教祖

 会津みたいな古式ゆかしい田舎町で凄惨な殺人事件が起きたことについて、おおまかな概要をニュースで知ったところまででほとほと嫌気がさし、それ以上のこと、例えば少年の家庭環境だとか、学校生活だとか、成績だとか趣味だとかそういうことはどうでも良いと思って、その手の報道からは目も耳も覆って避けていた。ところが、少年が自首する直前に立ち寄ったインターネットカフェで鑑賞したDVDが、俺の敬愛するマリリン・マンソン(年賀状のデザインにもたびたび登場)だったというからもはや他人事では済まされない。マリリン・マンソンは89年に結成されたバンドで、ゴシックロックの帝王と言って良い。96年にリリースされた「アンチクライスト・スーパースター」(俺のケータイのメルアドの由来がコレである) が全米第3位になりミリオン・セラーを記録。その風貌や音楽性から反キリスト教悪魔崇拝者という扱いをされることも多く、コロンバイン銃乱射事件では犯人に影響を与えたとしてバッシングを浴びた。ワイドショーによると、今回の会津の殺人事件でも犯人の少年に悪影響を与えた可能性がある、とされている。そのカリスマ性から、悪魔教の教祖的な見方をされるマリリン・マンソンだが、悪魔崇拝者でもなんでもなくて、単なるロックアーティストであり、ロックアーティストとしてのマリリン・マンソンのことを、俺は断固支持する。

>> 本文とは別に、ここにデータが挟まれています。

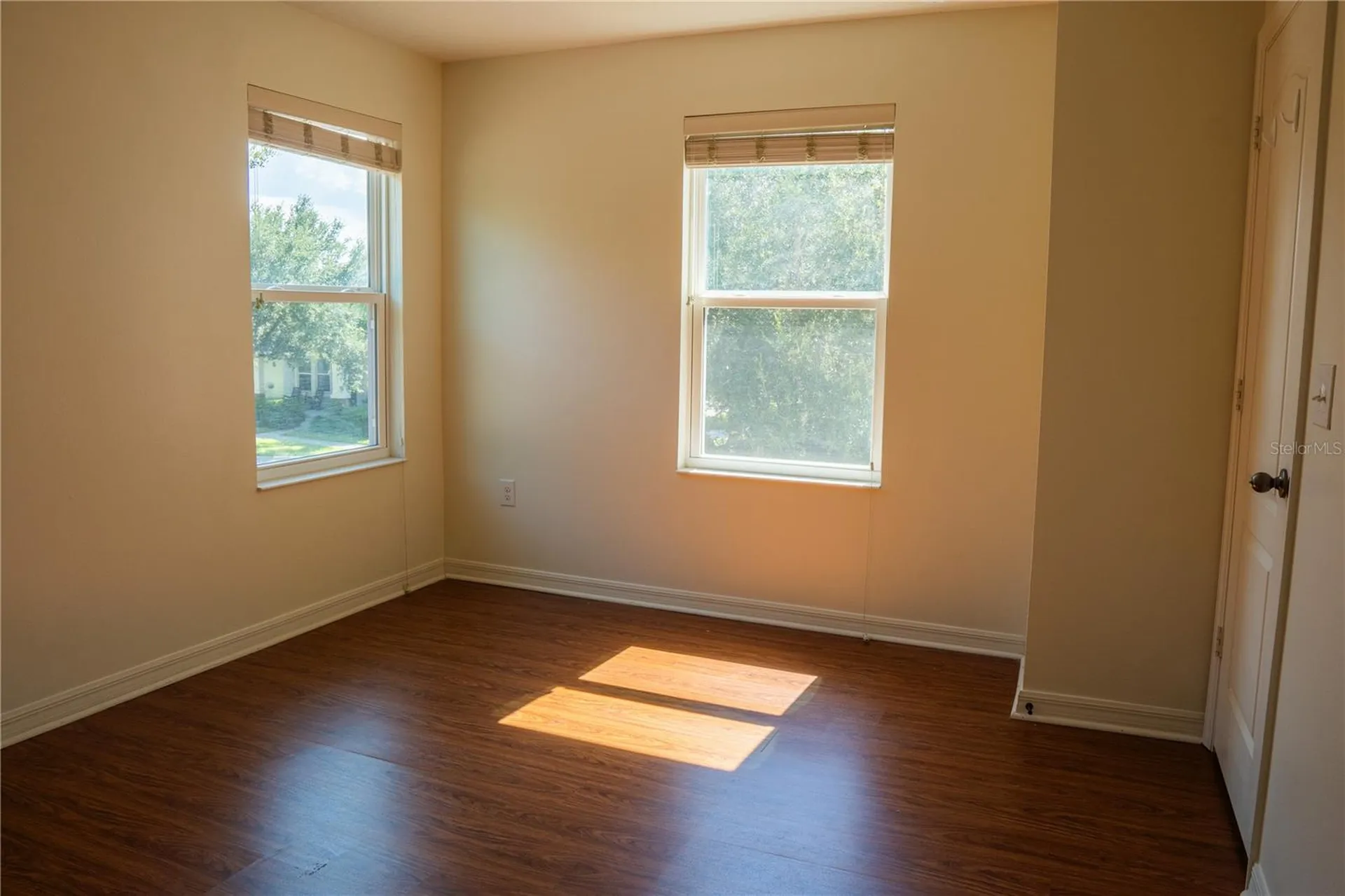 14816 Porter Road Winter Garden FL 34787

 徳光和夫がMCを務めるそのワイドショーで、少年犯罪に対して大人たちはどうすれば良いか、と議論した末にミスチルの"タガタメ"のフレーズを紹介していた。それは「子供らを被害者に、加害者にもせずに、この街で暮らすため、まず何をすべきだろう? でももしも被害者に、加害者になったとき、かろうじて出来ることは相変わらず、性懲りもなく、愛すこと以外にない」という部分である。最初からそういうことを言いたまえ、マリリン・マンソンの音楽が少年に悪影響を…とかそんなのはいいから、と思った。
 そのMr.Childrenのコンサートを見てきた。"イロドリ"で幕を開け、アンコールの最後も"イロドリ"で締めるという型破りな選曲だったが、"イロドリ"はサラリーマンやOLの応援歌としては最高である。ヴィジョンに流すCGとか演出にかかる機器にお金をかけていて、やっぱり興行成績の良いバンドはすごいなあ、と思った。その金のかかったステージに埋もれることのない桜井和寿はすごいヴォーカリストだと思った。躍動感溢れる動き、観客の煽り方、CDで聞くのと遜色のない歌唱力…。ファルセットまでCDとほぼ同じように聞かせるんだから圧巻だ。ジョン・レノンの"イマジン"のカヴァーから"センター・オブ・ユニヴァース"の流れがとても良かった。しかしMC等(下ネタも多少あったが)も含めて聖人君子と呼ぶに相応しい。こちらも、マリリン・マンソンとは真逆の意味で教祖のようだった。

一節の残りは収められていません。